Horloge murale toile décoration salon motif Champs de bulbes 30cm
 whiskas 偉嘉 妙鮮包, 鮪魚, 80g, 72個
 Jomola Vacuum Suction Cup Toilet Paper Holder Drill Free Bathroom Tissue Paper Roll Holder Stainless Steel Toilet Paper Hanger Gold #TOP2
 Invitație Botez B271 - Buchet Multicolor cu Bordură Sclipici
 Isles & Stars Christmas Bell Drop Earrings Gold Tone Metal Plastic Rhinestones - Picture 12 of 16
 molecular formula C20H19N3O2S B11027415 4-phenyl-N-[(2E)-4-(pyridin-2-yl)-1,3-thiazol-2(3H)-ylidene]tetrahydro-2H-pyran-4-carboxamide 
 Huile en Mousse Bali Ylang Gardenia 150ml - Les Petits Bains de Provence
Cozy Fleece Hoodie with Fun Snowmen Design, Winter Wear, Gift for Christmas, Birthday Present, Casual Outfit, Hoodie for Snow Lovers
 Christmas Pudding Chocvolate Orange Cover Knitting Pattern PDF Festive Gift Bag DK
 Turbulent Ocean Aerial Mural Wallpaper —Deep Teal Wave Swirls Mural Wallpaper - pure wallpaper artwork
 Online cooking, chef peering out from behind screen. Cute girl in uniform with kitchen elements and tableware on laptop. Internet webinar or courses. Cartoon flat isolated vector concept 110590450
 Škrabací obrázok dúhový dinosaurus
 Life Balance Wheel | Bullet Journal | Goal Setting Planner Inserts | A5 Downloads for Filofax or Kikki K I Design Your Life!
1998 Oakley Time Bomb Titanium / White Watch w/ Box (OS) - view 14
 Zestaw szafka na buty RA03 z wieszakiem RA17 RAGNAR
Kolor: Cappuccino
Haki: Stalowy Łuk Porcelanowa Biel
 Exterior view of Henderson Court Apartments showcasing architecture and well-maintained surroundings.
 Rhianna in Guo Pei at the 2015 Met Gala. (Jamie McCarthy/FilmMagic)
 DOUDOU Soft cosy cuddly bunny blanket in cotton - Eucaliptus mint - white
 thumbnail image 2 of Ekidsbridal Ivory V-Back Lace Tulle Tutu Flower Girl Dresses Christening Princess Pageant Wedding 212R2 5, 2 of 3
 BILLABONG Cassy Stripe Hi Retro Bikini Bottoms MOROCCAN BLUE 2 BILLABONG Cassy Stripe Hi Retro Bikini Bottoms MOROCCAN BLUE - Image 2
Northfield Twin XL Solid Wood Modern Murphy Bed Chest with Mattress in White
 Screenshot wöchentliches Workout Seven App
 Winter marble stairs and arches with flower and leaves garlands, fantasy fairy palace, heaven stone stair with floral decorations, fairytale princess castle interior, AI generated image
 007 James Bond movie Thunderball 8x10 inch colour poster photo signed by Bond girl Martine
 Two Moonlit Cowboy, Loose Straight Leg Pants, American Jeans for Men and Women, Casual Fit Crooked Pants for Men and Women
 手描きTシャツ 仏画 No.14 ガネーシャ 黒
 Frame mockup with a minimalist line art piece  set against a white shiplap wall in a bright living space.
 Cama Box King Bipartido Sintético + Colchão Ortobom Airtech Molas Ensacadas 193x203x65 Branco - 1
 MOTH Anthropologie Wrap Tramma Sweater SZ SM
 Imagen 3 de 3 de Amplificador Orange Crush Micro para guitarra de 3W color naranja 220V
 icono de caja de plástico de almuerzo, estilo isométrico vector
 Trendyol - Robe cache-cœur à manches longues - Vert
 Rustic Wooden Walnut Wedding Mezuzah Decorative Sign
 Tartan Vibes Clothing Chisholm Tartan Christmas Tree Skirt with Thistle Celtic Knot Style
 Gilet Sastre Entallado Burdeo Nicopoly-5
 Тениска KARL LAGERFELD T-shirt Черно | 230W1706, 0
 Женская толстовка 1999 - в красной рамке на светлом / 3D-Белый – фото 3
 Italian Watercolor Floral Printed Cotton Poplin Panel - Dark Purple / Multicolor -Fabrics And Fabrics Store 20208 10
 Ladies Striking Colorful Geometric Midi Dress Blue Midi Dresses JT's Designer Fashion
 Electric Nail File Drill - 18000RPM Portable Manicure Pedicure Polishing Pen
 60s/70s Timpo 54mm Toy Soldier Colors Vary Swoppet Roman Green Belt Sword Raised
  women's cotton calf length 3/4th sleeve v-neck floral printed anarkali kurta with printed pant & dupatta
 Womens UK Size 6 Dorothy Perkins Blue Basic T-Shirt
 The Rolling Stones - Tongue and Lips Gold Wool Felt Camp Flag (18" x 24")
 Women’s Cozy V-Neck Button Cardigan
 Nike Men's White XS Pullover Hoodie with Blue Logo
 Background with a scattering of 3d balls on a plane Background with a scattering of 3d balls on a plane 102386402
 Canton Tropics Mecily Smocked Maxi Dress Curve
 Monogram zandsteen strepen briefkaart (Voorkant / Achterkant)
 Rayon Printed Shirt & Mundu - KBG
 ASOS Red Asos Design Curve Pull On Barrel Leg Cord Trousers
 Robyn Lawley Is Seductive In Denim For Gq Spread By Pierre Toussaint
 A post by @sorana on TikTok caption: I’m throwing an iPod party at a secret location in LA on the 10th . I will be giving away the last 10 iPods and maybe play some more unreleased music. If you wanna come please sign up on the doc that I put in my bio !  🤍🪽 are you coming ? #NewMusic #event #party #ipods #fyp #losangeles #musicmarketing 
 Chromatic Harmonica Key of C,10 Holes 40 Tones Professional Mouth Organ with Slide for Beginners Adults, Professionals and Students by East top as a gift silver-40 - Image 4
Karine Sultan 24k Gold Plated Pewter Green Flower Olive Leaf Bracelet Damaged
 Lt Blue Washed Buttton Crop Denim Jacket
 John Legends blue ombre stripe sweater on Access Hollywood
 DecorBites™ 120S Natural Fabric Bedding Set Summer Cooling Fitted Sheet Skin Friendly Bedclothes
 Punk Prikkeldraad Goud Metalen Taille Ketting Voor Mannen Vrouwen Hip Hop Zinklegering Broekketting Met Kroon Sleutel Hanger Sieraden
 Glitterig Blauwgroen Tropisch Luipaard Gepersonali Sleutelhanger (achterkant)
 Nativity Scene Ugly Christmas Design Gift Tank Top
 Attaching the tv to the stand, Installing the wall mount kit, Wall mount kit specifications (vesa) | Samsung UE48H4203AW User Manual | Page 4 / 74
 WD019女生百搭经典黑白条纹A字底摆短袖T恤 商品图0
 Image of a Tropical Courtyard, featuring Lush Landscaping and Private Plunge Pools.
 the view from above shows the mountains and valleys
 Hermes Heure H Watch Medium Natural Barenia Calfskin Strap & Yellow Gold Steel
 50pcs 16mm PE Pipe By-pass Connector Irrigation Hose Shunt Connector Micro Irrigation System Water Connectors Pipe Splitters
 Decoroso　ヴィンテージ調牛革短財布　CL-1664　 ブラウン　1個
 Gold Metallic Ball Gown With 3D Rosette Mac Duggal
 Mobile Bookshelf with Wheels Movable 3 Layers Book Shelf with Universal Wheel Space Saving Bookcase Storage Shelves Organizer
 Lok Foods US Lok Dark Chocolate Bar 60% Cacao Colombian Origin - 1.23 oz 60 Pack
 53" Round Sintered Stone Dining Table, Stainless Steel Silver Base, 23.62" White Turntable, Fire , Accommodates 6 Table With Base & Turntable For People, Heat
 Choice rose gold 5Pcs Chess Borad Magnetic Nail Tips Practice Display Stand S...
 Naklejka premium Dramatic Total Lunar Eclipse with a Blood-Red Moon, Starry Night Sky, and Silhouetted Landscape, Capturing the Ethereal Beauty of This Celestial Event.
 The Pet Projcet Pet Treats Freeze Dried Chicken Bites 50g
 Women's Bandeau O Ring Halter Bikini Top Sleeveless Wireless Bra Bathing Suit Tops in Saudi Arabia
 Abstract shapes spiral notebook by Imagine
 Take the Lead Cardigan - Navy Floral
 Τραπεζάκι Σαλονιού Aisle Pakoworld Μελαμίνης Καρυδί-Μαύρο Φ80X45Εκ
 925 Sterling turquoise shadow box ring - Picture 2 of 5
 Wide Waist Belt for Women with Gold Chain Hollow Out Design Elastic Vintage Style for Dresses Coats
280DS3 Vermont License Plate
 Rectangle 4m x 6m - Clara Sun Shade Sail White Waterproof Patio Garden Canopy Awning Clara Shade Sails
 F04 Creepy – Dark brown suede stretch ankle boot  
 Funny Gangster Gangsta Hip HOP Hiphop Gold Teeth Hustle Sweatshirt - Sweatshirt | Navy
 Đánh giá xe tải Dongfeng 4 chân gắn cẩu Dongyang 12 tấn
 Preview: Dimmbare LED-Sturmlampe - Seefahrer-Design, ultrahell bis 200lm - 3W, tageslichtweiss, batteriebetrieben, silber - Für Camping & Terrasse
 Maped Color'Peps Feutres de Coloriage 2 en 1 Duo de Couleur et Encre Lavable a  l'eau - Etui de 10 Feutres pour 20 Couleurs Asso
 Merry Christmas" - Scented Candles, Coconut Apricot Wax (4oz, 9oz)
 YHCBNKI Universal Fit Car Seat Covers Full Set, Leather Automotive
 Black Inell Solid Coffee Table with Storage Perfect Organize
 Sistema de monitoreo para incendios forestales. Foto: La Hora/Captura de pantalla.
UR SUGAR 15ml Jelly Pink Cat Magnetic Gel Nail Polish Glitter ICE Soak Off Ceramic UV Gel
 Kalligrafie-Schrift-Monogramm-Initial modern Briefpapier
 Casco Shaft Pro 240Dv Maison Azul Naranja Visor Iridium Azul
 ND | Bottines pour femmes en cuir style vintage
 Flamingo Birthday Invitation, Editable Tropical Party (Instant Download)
************
◆ Exercise requirements:
Your task is to transcribe, with no changes, only the lines of the listing above that lie between the line holding "Glitterig Blauwgroen Tropisch" and the line holding "Take the Lead Cardigan - Navy Floral", inclusive.

◆ Answer below:
 Glitterig Blauwgroen Tropisch Luipaard Gepersonali Sleutelhanger (achterkant)
 Nativity Scene Ugly Christmas Design Gift Tank Top
 Attaching the tv to the stand, Installing the wall mount kit, Wall mount kit specifications (vesa) | Samsung UE48H4203AW User Manual | Page 4 / 74
 WD019女生百搭经典黑白条纹A字底摆短袖T恤 商品图0
 Image of a Tropical Courtyard, featuring Lush Landscaping and Private Plunge Pools.
 the view from above shows the mountains and valleys
 Hermes Heure H Watch Medium Natural Barenia Calfskin Strap & Yellow Gold Steel
 50pcs 16mm PE Pipe By-pass Connector Irrigation Hose Shunt Connector Micro Irrigation System Water Connectors Pipe Splitters
 Decoroso　ヴィンテージ調牛革短財布　CL-1664　 ブラウン　1個
 Gold Metallic Ball Gown With 3D Rosette Mac Duggal
 Mobile Bookshelf with Wheels Movable 3 Layers Book Shelf with Universal Wheel Space Saving Bookcase Storage Shelves Organizer
 Lok Foods US Lok Dark Chocolate Bar 60% Cacao Colombian Origin - 1.23 oz 60 Pack
 53" Round Sintered Stone Dining Table, Stainless Steel Silver Base, 23.62" White Turntable, Fire , Accommodates 6 Table With Base & Turntable For People, Heat
 Choice rose gold 5Pcs Chess Borad Magnetic Nail Tips Practice Display Stand S...
 Naklejka premium Dramatic Total Lunar Eclipse with a Blood-Red Moon, Starry Night Sky, and Silhouetted Landscape, Capturing the Ethereal Beauty of This Celestial Event.
 The Pet Projcet Pet Treats Freeze Dried Chicken Bites 50g
 Women's Bandeau O Ring Halter Bikini Top Sleeveless Wireless Bra Bathing Suit Tops in Saudi Arabia
 Abstract shapes spiral notebook by Imagine
 Take the Lead Cardigan - Navy Floral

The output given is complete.